The IPO steps that companies take differ, but there are 10 crucial IPO stages:
1. Decide to go public
2. Select a lead underwriter
3. Hold a kick-off meeting
4. Submit primary IPO filing documents to the SEC
5. Red herring
6. Start a roadshow
7. IPO pricing
8. Allocation of shares to investors
9. Start trading
10. Manage the post-IPO period
An IPO’s primary purpose is to raise the capital needed for business growth and provide liquidity for existing shareholders. A secondary reason involves increasing the company’s visibility and credibility in the market to enhance brand recognition and its reputation.

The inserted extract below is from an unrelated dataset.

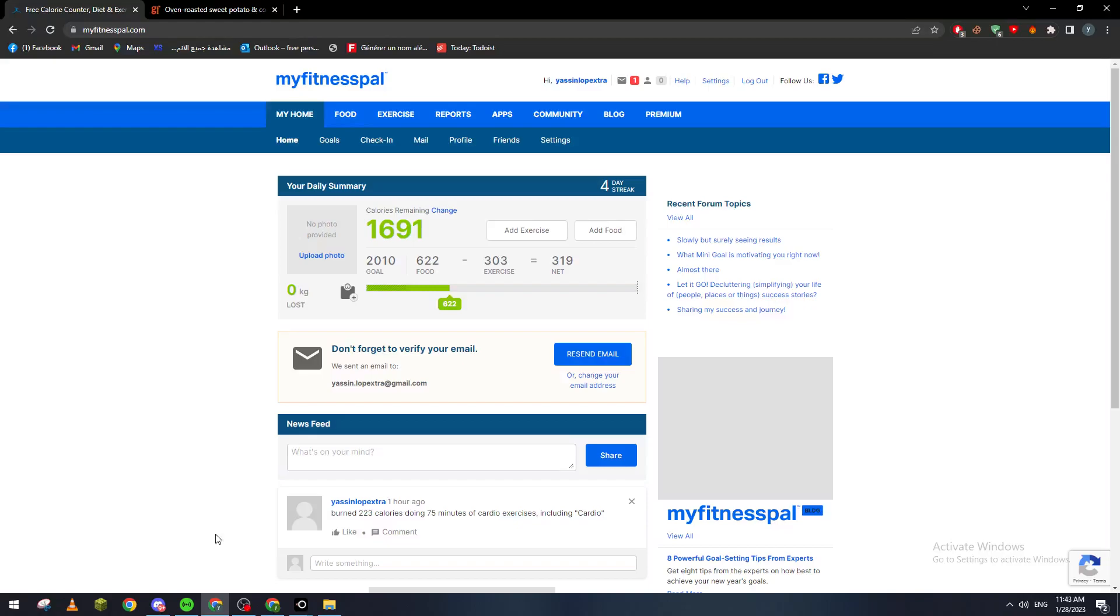Hello guys and welcome back to a brand new video. In today's tutorial I will show you how to add exercises and calories inside of your MyFitnessPal application. If you are using phones like iPhones, you can go to App Store and download MyFitnessPal from there.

Yes, a company can conduct multiple IPOs over time to raise additional capital by issuing more shares to the public. The secondary IPO follows a similar timeline to the initial public offering.
IPO pricing is a collaborative act between the company and its underwriters to find the perfect balance between raising capital for the company and determining a reasonable valuation that appeals to investors. Underwriters evaluate investors’ interest in the shares and current market conditions through the so-called book-building process to set the IPO’s final price.
The IPO process’s duration depends on various factors, including market conditions, regulations, and the IPO team’s efficiency. Typically, it starts around six months before the offering’s intended date. Ringing the bell is the most exciting part of the journey, but the hours after the shares start trading on public markets are essential. The bank needs to ensure the company’s shares increase in price and are attractive enough for investors, to consider an IPO successful.